To evaluate the expression of Krüppel-like factor 8 (KLF-8) and matrix metalloproteinase 9 (MMP-9) in placentas and their relationship with the pathogenesis of preeclampsia (PE). Twenty-two women with PE(mild PE:4 cases; severe PE:18 cases) who received cesarean sections in the First Affiliated Hospital of Chongqing Medical University from September 2011 to March 2012 were recruited as the PE group (n = 22). And twenty women who received elective term cesarean section without perinatal complications were chosen as the control group (n = 20). Placentas were collected and immunohistochemical SP method were employed to detect the localization of KLF-8 protein.KLF-8 mRNA level was determined by quantitative real-time PCR technique and western blot analysis was used to quantify KLF-8 and MMP-9 protein levels. (1) There was no difference of KLF-8 protein distribution in placentas of the PE group and the control group.It was mainly located in the nuclear and cytoplasm of syncytiotrophoblasts.KLF-8 immunostaining was apparently decreased in the placentas of preeclamptic women when compared with the control group.(2)The KLF-8 mRNA levels were significantly decreased in placentas of the PE group (0.69 ± 0.08) compared to those of the control group (1.14 ± 0.09, P < 0.01). (3) KLF-8 and MMP-9 protein levels significantly decreased in the PE placentas (0.68 ± 0.05 and 0.21 ± 0.03) when compared to the control group (0.94 ± 0.06 and 0.34 ± 0.03, respectively, P < 0.01).(4) There was a positive correlation between the expression of KLF-8 and MMP-9 protein in the placentas from PE and normal pregnancies (r = 0.64, P < 0.01).
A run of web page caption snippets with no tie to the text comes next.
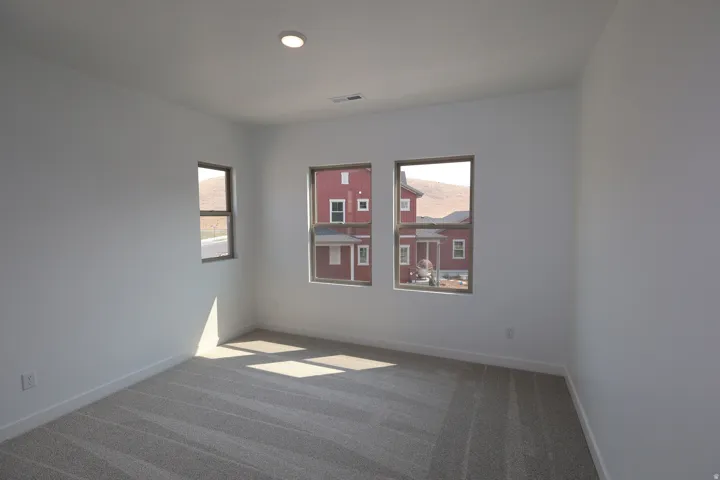Recessed lighting, light-toned carpet, and multiple windows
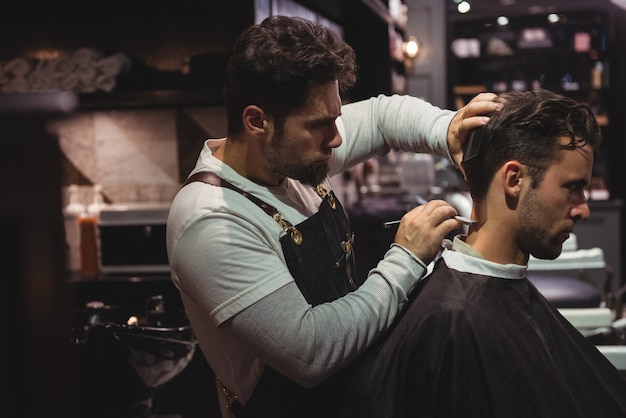 L'homme se fait couper les cheveux avec un rasoir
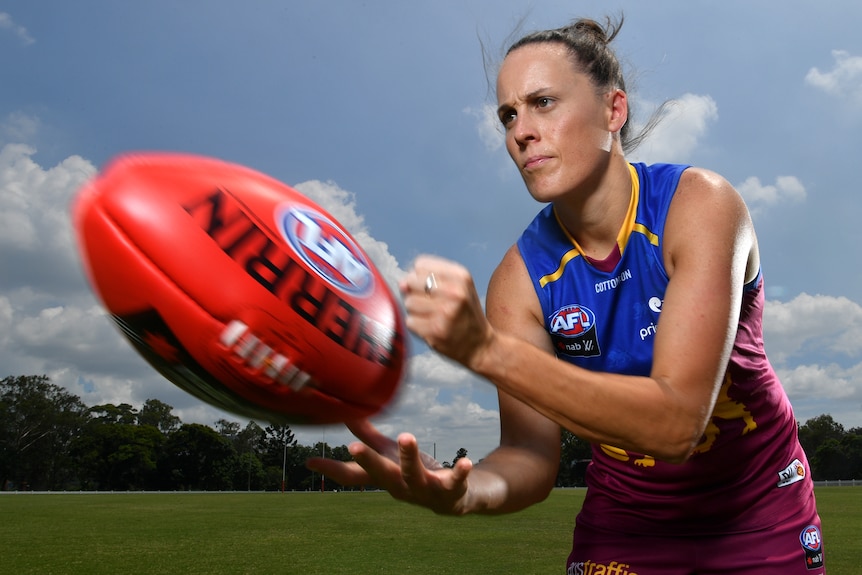 Emma Zielke handballs the footy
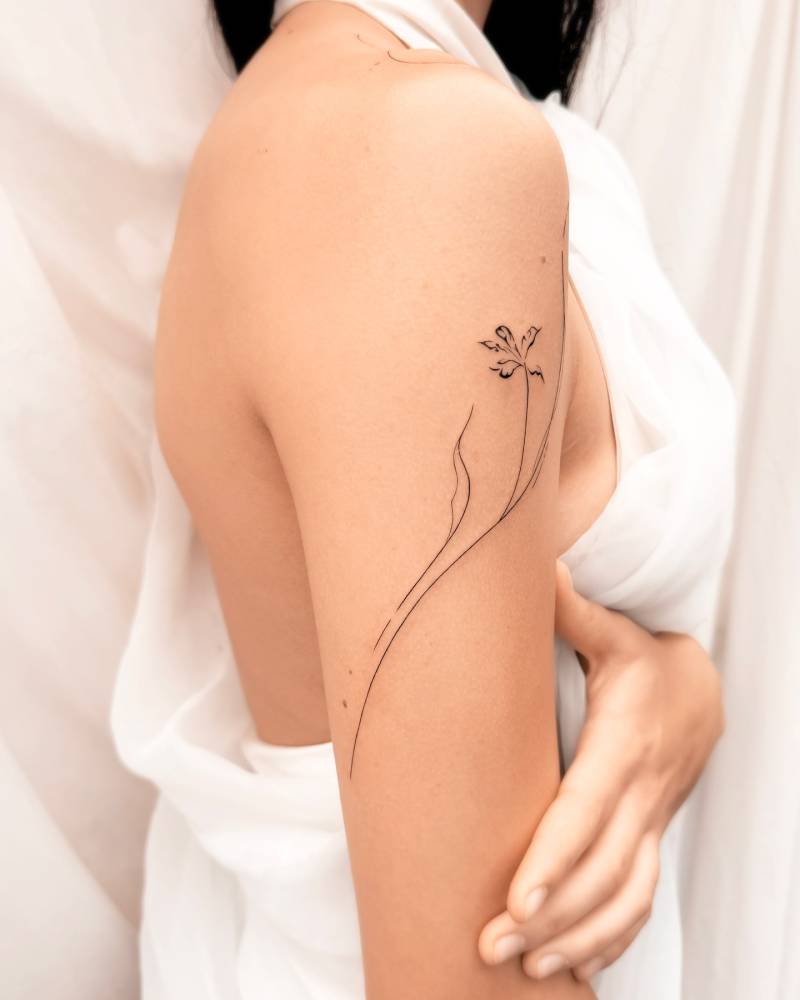 Flower tattoo in line art style placed on the upper arm.
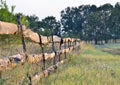 Fence of old planks on the garden in the field, autumn grass Royalty Free Stock Photo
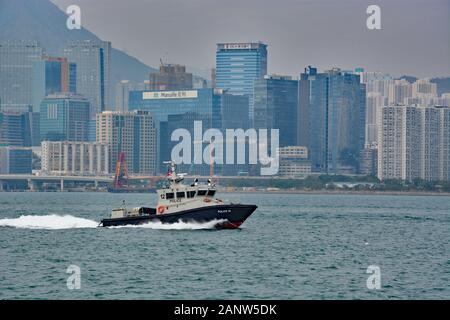 Un bateau de police voyage dans le port de Victoria en tant que smog enveloppe les gratte-ciel du centre-ville de Hong Kong. Banque D'Images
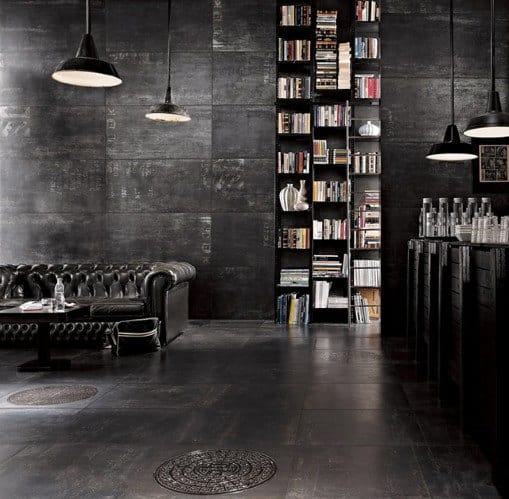 Dark, stylish man cave with a black leather sofa, tall bookshelf, and hanging lights; industrial-chic decor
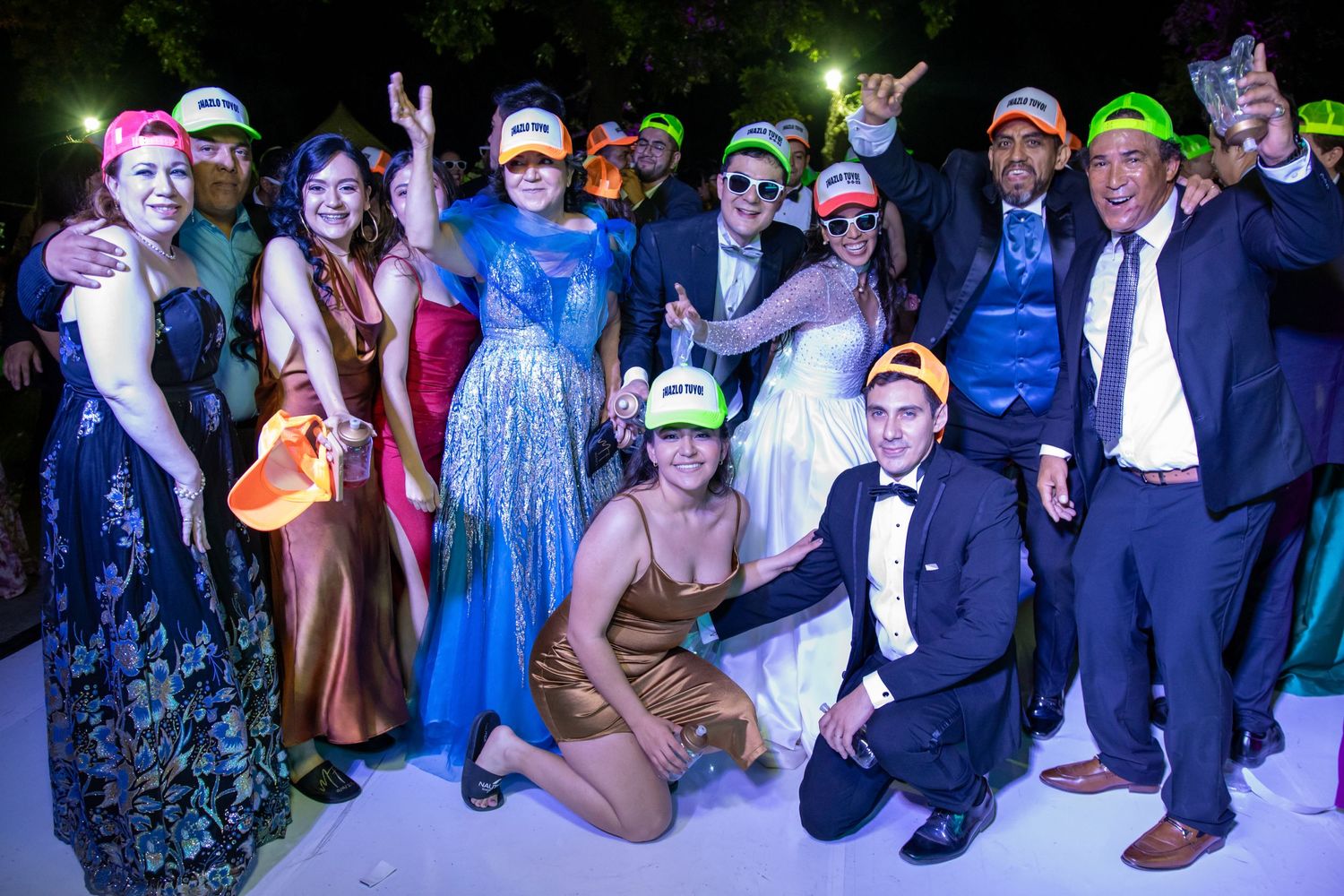 Party guests pose in formal attire and neon baseball caps during nighttime celebration. Boda en Parras Coahuila, Fotógrafo de bodas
KLF-8 mRNA and protein levels were decreased in placentas of PE patients compared to those of normotensive women.KLF-8 protein was primarily located in the invasion-related trophoblast cells and its expression had a positive correlation with MMP-9 levels.KLF-8 might have an important role in the pathogenesis of PE by regulation of trophoblast invasion.